SIKLUS KEBUDAYAAN: Dari Gaya Baru Kembali ke Gaya Lama

 Oleh: M. Khaliq Shalha



Siklus merupakan putaran waktu yang di dalamnya terdapat rangkaian kejadian yang berulang-ulang secara tetap dan teratur. Begitulah makna siklus dalam Kamus Besar Bahasa Indonesia (KBBI). Dalam bahasa teologi (ilmu tauhid) disebut daur, sedangkan dalam bahasa ekonomi kreatif disebut daur ulang.

Dari masa ke masa manusia tidak pernah merasakan kepuasan dalam pencapaian peradabannya sehingga senantiasa berkreasi untuk meraih peradaban yang lebih maju. Dalam laju kebudayaan yang manusia bangun, mereka ternyata mengalami titik jenuh sehingga kerap kali ingin kembali pada budaya lama yang sudah sekian waktu mereka tinggalkan untuk bisa romantisme.

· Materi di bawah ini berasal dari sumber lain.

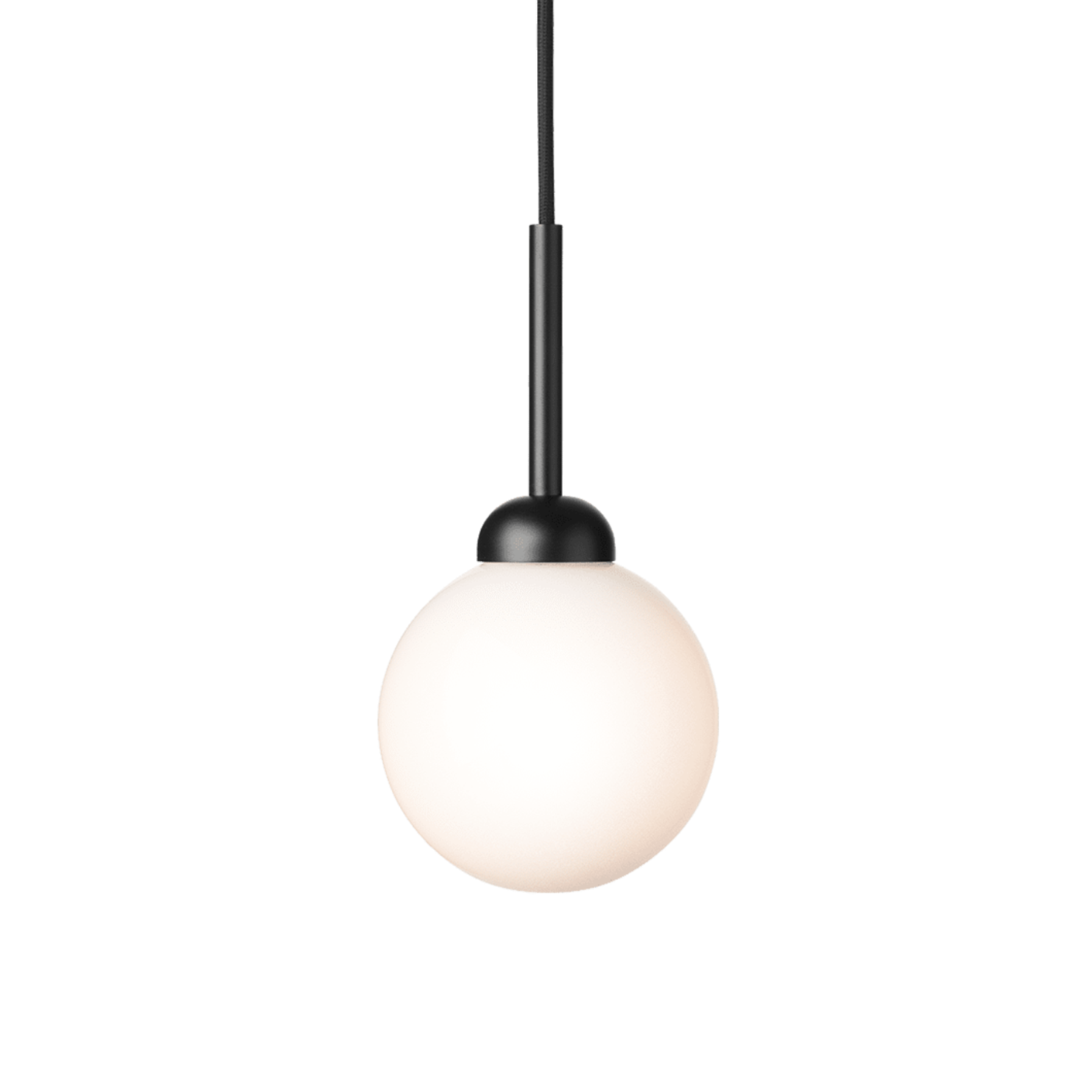 APIALES Black Pendant Lamp with Opal Glass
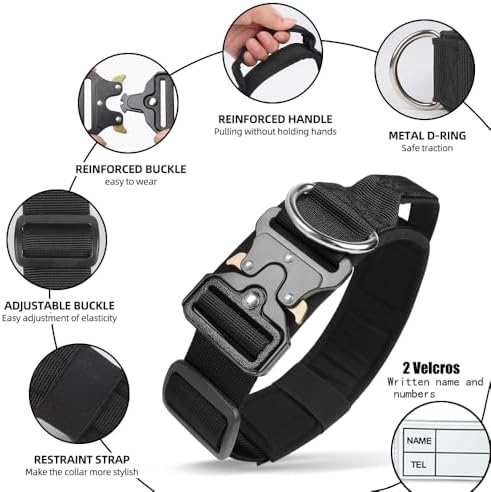 Tactical Dog Collar with Handle (Black, L)
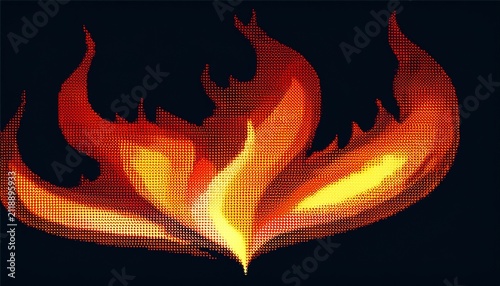 burning fire flame shape composition with dotted halftone pixelated style on dark backdrop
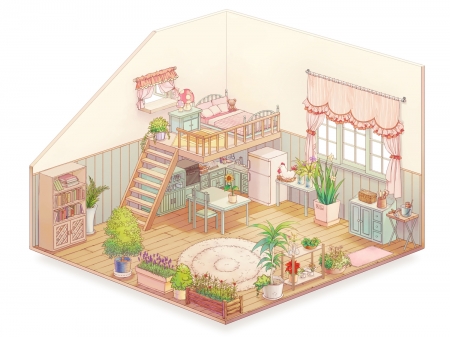 Flower Room - bed, girls room, cute, room, orginal, flower, pink, indoor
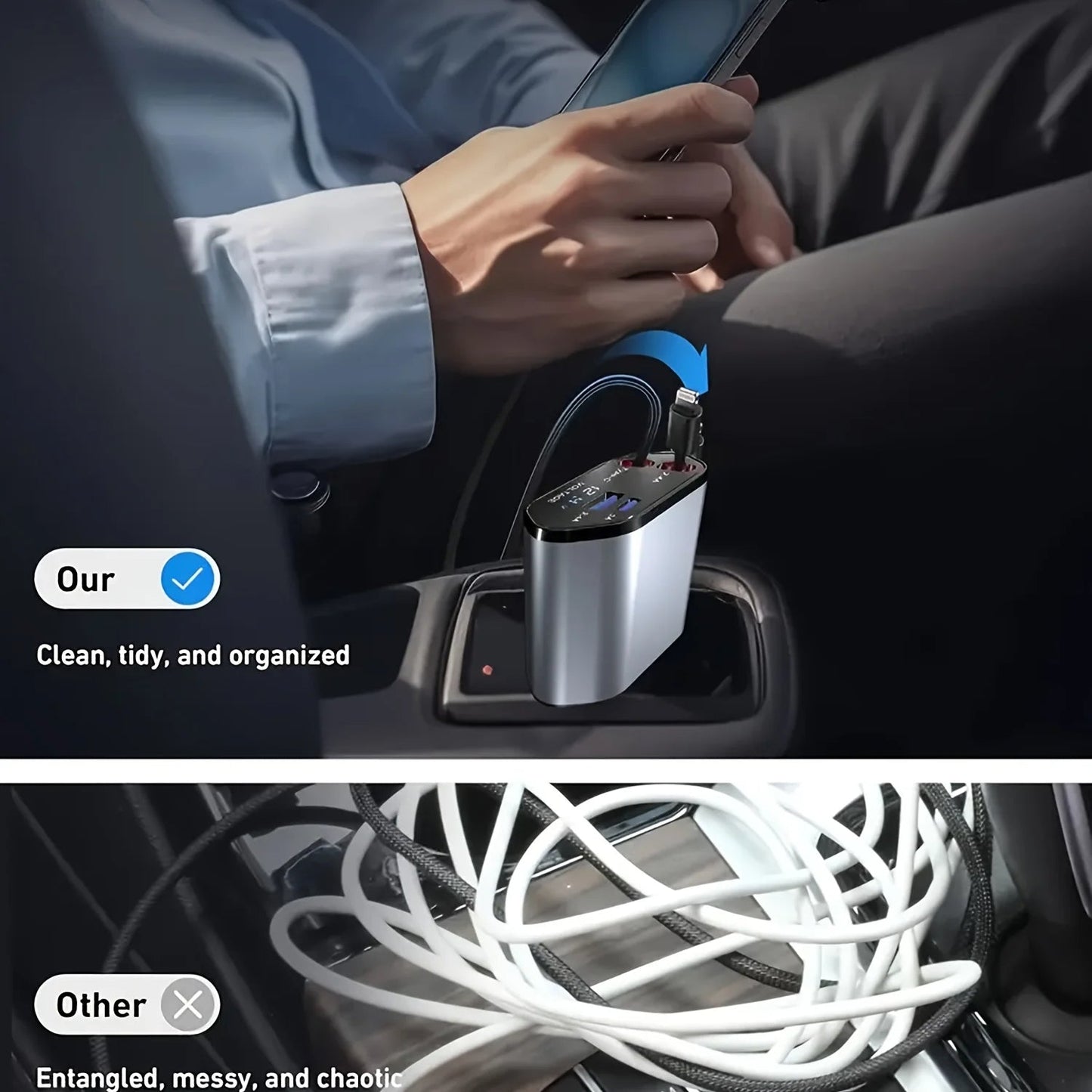 Foldable Car Charger with USB-C and USB-A – 120W Fast Charging | Karnz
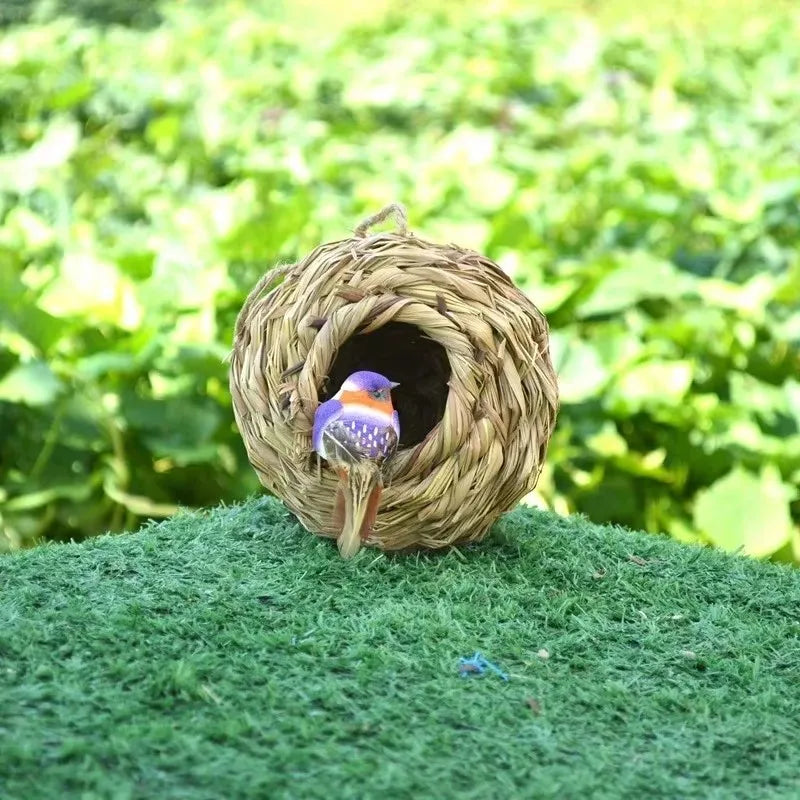 Birds Nest Bird Cage Grass Egg Cage Bird House Outdoor Decorative Weaved Hanging Parrot Nest Houses Pet Bedroom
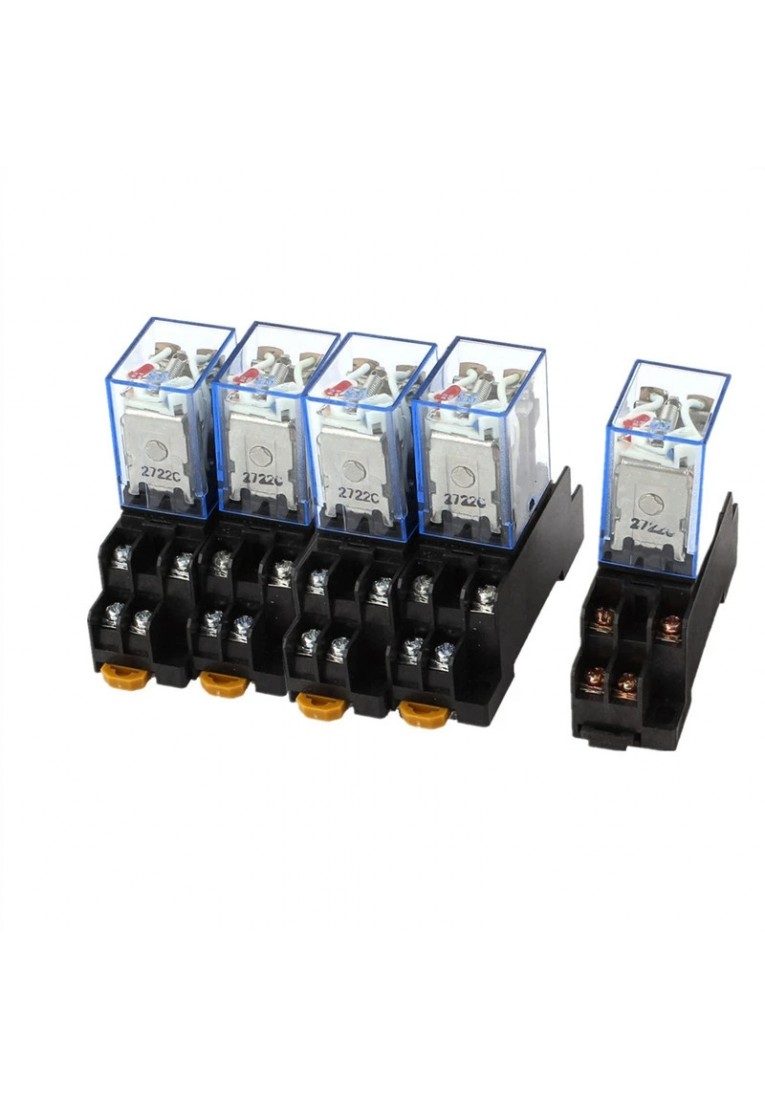 5PC 220V 10A Coil Power Relay DPDT LY2NJ HH62P HHC68A 2Z With Socket Base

Dalam hal tersebut dapat kita kemukakan beberapa contoh. Pertama, jenis pakaian pelajar. Bagi murid-murid madrasah formal swasta di kampung  tahun 1990-an mereka mengenakan sarung dan sandal sebagaimana lazimnya pakaian para santri sehari-hari di pondok pesantren. Setelah tahun itu para pengelola pendidikan madrasah punya inisiatif untuk mengubah pakaian para murid, yaitu mengkonversi sarung dan sandal ke seragam celana dan sepatu yang di antara pertimbangannya agar murid-murid madrasah swasta terkesan lebih rapi dan maju sebagaimana sekolah-sekolah negeri, juga menghilangkan kesan kampungan, kolot dan tertinggal dari peradaban modern dalam ranah pendidikan. Aganda perubahan ini berjalan lancar hingga kini.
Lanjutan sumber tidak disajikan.